John Owens , whom I much admire, made this comment to a Henrik Liliendahl Sørensen blog post about the difference between data quality and information quality. Taken completely out of context, he said:
“…it is the quality of the information (i.e. data in a context) that is the real issue, rather than the items of data themselves.
The data items might well be correct, but in the wrong context, thus negating the overall quality of the information, which is what the enterprises uses. It will be interesting to see how long it is before data quality industry arrives at this conclusion. But, if they ever do, who will be courageous enough to say so?”
I agree entirely, yet disagree profoundly. Data and information are not the same thing yet are inextricably linked – one without the other isn’t possible but they still must not be confused.
Data and information are as different as chickens and eggs, but are equally dependent upon each other.
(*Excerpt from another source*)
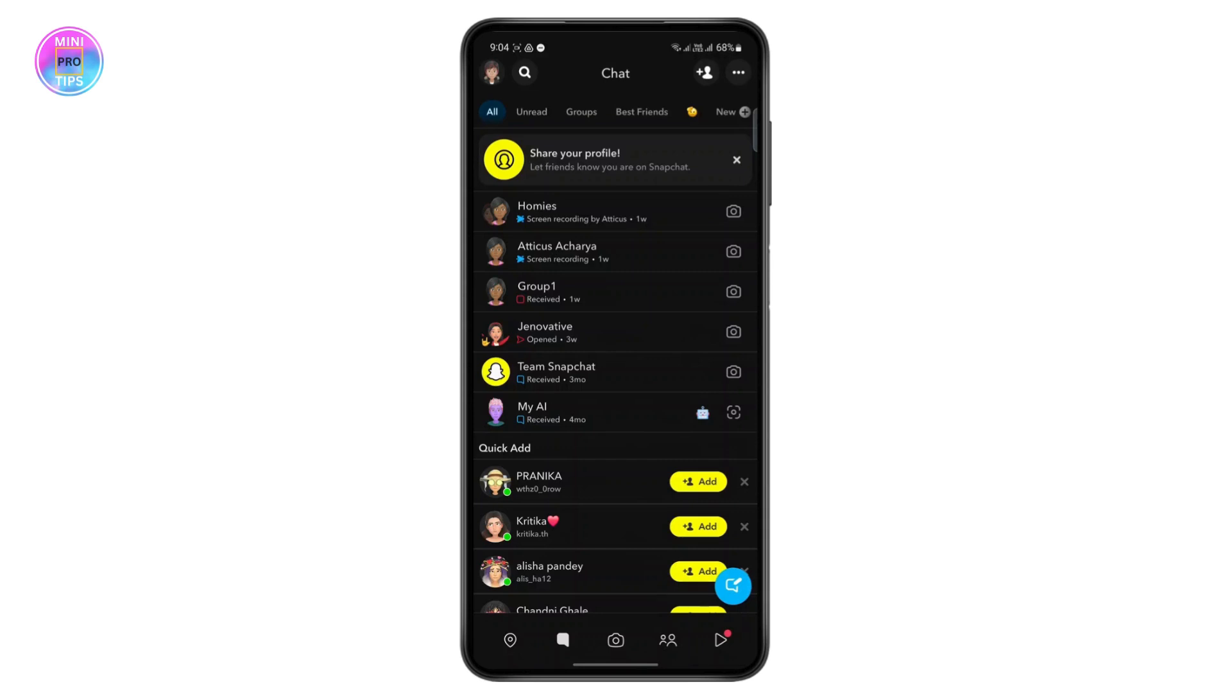And the other thing is if they have clearly mentioned your name or username on the snap, then that probably means they meant it so that you would view it.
Basically, data is stored information whilst information is perceived data.
Let me give you an example from a recent episode of the BBC’s science program Bang Goes the Theory. A presenter went to a shopping centre and prepared two plates of bacon sandwiches. One was accompanied with the message that regularly eating processed meats increases the chances of getting bowel cancer by 20%. The other was accompanied by the message that regularly eating processed meats increases the chances of getting bowel cancer from 5% to 6%. Though the data underlying both pieces of information is identical, as is the information provided, the audience were understandably worried when seeing the first message but happy to tuck in after seeing the second. The first message would be fit for the purposes of the health authority, the second for the bacon marketing board, but in neither case is the fitness for purposes related to the data - it is related to the information provision.
It is at the points where information becomes data and data becomes information that the potential for corruption and misunderstanding of the data and its perception are at their highest. We also know that once data is stored, inert though it may appear to be, it cannot be ignored as the real world entities to which the data refers may change, and that change needs to be processed to update the data.
Data quality ensures that the data represents its real world information entity accurately, completely and consistently. Information quality is working to ensure that the context in which the data is presented provides a realistic picture of the original information that the data is representing.
There’s a general feeling that only data which has a purpose should be stored. I would not agree as purpose, as with so much, depends on context and our viewpoint. Data which has no purpose now may be required to fulfil an information requirement in the future or be related to occurrences in the past; whilst for the people who are being paid to manage data, whether it is used or not, finds his or her salary is very meaningful!
Ultimately data is used to source information, and information quality is important. But we should not confuse the differences between data quality and information quality. Both are essential, and they are separate disciplines.